2014-09-30

Player Buy-In

Yeah, I've been sick some more.  And then I had a severe brain drain where I lacked any good ideas or energy to write articles.  I'll get the D&D articles I promised up when I get a chance to sit down and write them as well.  But today I want to talk about player buy-in.

Player buy-in refers to the degree to which the players are excited and into a game.  Obviously the degree to which a player buys into a game varies from player to player.  Player buy-in is measured a few ways; how much money is spent, how much time is invested in the game, and how readily they share their enthusiasm with other gamers.  For the first measurement, we can agree that hobbies are expensive if you enjoy them; you enjoy the hobby enough to justify spending more money to improve your enjoyment of the hobby.  Time spent on the game happens because you enjoy it and are attempting to understand or master it alongside playing said game (for miniatures that includes all the work on the little toy soldiers).  The third element is really a viral marketing element since many enthusiastic gamers want to play these games with other people, so the enthusiasm is essentially gamers selling other gamers on the game.

Which leads to buy-in cost; how hard it is to get people to play a game. 

With miniatures, the buy-in cost is pretty high since there's a lot of money and time that has to be sunk into the game.  You have to buy the rulebook(s).  Then you have to plan and buy your first army of toy soldiers.  You have to buy glue and a pair of cutters, at minimum, to assemble the things.  If you actually want to make the models look like something other than unfinished, that means you have to buy paints and other hobby supplies to paint them.  Which means you have to plan out a color scheme.  And to protect your monetary and temporal investment, you will buy containers and such to protect the models from damage.  That's a lot of time and money, which is why many miniature companies do their best to make the cost of starting a game low in the form of two-player starter sets and faction starter boxes.  Miniature games tend to change over time as well, because the companies release new miniatures for the game (and the accompanying rules).

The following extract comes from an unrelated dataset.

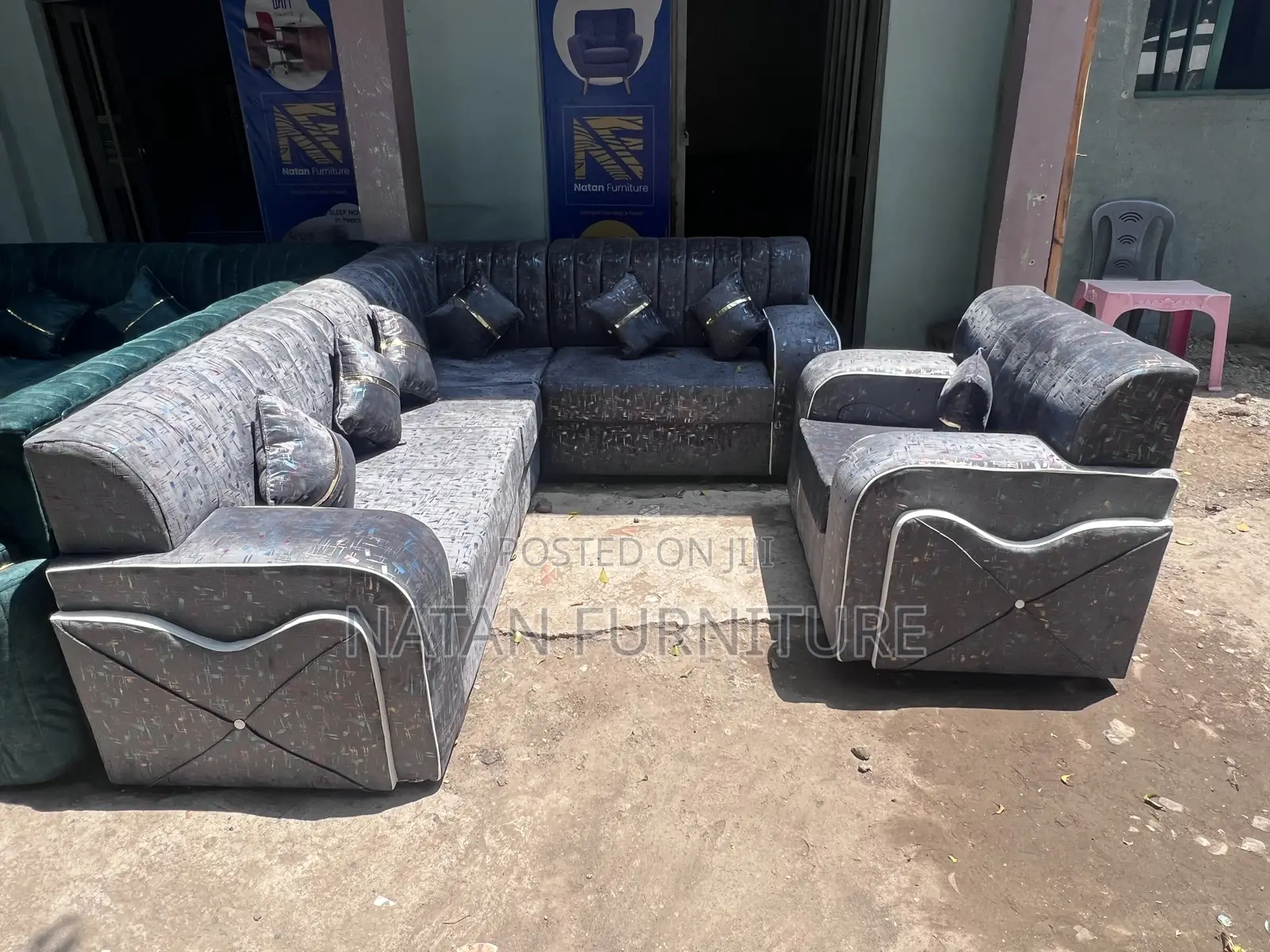 ሶፋ(l-Shape)Made of ማለዳ HD#1 Sponge Qlty Wood Materal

Board games are an odd duck when it comes to player buy-in.  The reality is that you only need a core set, which for a really nice board game will run $50-$100 depending on the production values.  Granted, the board game companies need to continue to make money and thus produce expansions to their games, but the expansions are not essential for playing the game.  The buy-in here is primarily in selling other people on playing the game, since board games are largely self-contained.  Generally speaking, board games need other people to play and so if the game is too complex or hard to understand (meaning: it's too hard to sell other people on playing...), it will sit on a shelf and get resented as a giant waste of money.

Trading card games are popular because a properly designed and supported TCG actually sells itself as long as the company producing it continues to support it (or there's enough fan support to keep it alive after its death, like the Star Wars TCG by Decipher).  The cost of buying product is low enough that new players can get involved for relatively cheap, the play environment is constantly evolving with new sets of cards being release, and if there is a well done organized play environment the player already knows there's people who want to play the game.  But the catch here is that a TCG player will spend money over a much longer period of time than a board gamer or a miniature gamer, since the play environment changes every three months or so.

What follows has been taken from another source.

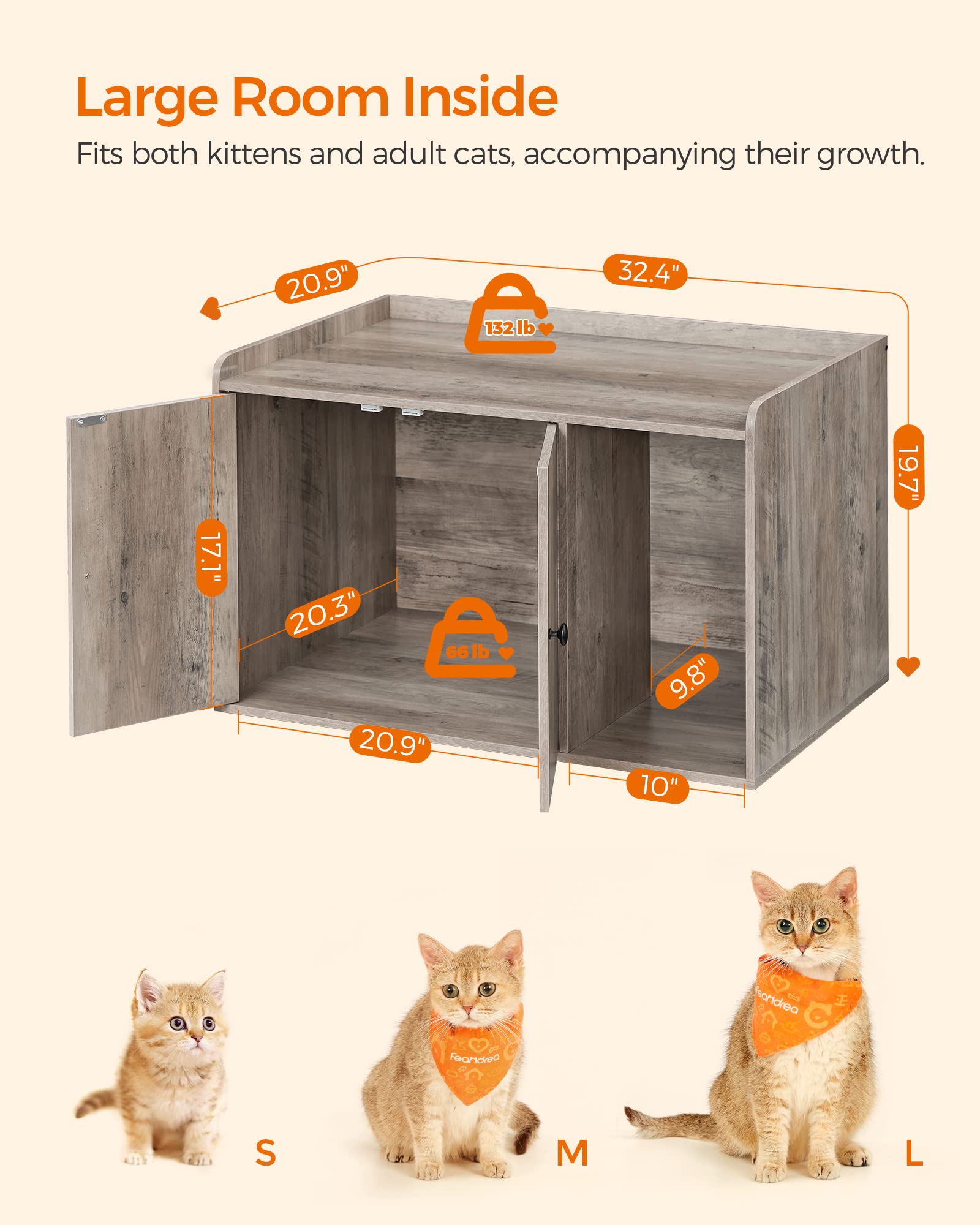 Feandrea Litter Box Enclosure, Cat Litter Box Furniture Hidden, With Front Entry, Modern Cat House For Indoor Cat, Kitty, Side End Table, 32.4 X 20.9 X 19.7 Inches, Greige Upcl001G01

(As an aside, when my brothers and I first started running our own game shop, Wizards of the Coast sent a box of introductory starter decks to give out to people interested in playing Magic: The Gathering.  I was disturbed by the things and didn't know why.  Then I realized they were about the size and shape of cigarette packs.  I had heard TCGs called 'cardboard crack' before, but the resemblance to the packaging of a legal addiction bothered me until the day I got out of the business. TCGs run on the addiction model in a variety of ways.)

RPGs have multiple levels of player buy-in issues.  Like board games, you can get away with buying just the main rulebooks and be done with it.  Like board games, the rules can be a barrier to entry too, since you have to sell other people on playing the RPG.  But there's a third problem with RPGs that simply doesn't occur in the other three types of game.  The RPG's setting itself can be a problem if the players don't want to buy-in by reading and understanding the setting.  I love the thematic and world of the Dark Sun campaign setting, but it is sufficiently alien to how most gamers think about the world that I have to have players willing to read the setting material to play a game in the setting.  The transhumanist RPG Eclipse Phase has a similar problem, but neatly provides a solution in the form of fish-out-of-water PC backgrounds.

I'm not sure how to wrap this article up.  But since a lot of tabletop gaming relies on players selling to players, I'll just give this advice to people.  The first rule of marketing is to know your audience.  If you know your audience, you know what buttons to push to get them interested.  By extension, you also know which members of the audience not to waste your time trying to sell the product do.  I really like Demon: The Descent, for example, but I would never ever try to sell my real life gaming group on playing it because we can't stay serious for more than five minutes and that would be absolutely lethal to the kind of tone Demon: The Descent demands.